I have a kind of alacrity in sinking.

I'd like to share a story about the most dysfunctional 3E D&D campaign I ever played through, and my single moment of shining glory in it (though it's vaguely catpissy on my part). The DM's name is Josh, and the campaign was originally pitched to me as a sequel to a previous campaign that he ran, but after a time when magic had been essentially stamped out by an inquisition and non-human races had either gone into hiding or been exterminated (with one or two notable exceptions in pre-defined corners of the world). It would be a very low-magic campaign based on social intrigue rather than standard dungeon crawling.

I signed up enthusiastically, though I mentioned to him that the game was written and balanced (for a certain definition of "balance") with the assumption of a certain level of magic and magic item access.

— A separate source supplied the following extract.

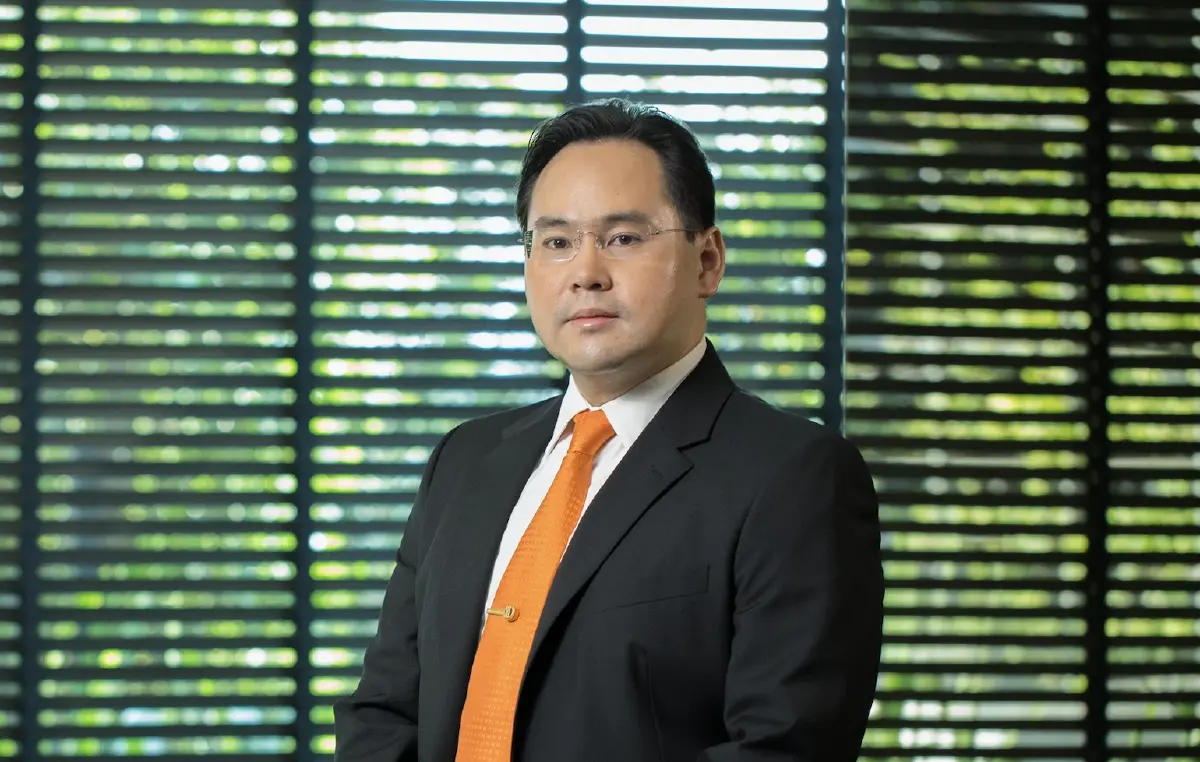 นายธนวัฒน์ ตรีวิศวเวทย์ กรรมการผู้จัดการ บริษัท ซีเค พาวเวอร์ จำกัด (มหาชน)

Would he be adjusting encounters and the like to compensate for this? Why yes, he assured me, of course he would.

So, everyone playing the game rolled up rogues and social types - I made a high-dex swashbuckling fighter/rogue named Jhavier, and we also had a straight sneaky rogue, a second straight rogue who specialized in engineering, and a bard who specialized in diplomacy. The only odd character in the line up was the DM's girlfriend, who for some reason made a wizard specialist Invoker who basically specialized in damage output. This left me scratching my head, I'll admit, but whatever.

The first few sessions of the campaign were pretty good, as the party went around doing favours for one or another political group in the capital city of Nightveil. This culminated in a masquerade ball which was rife with conspiracies, mysteries, and all that good stuff. That's when things went off the rails.

The very next session, nonhumans began popping out of the woodwork. Before long, an orcish horde attacked Nightveil and the party ended up being chased out of the city. Now homeless and being hunted by an evil overlord for reasons we didn't quite understand, we traveled from place to place looking for ways we could strike back, and we discovered that currying favours suddenly involved a lot of dungeon delving and big combats. Things that only one of our characters were really built to do.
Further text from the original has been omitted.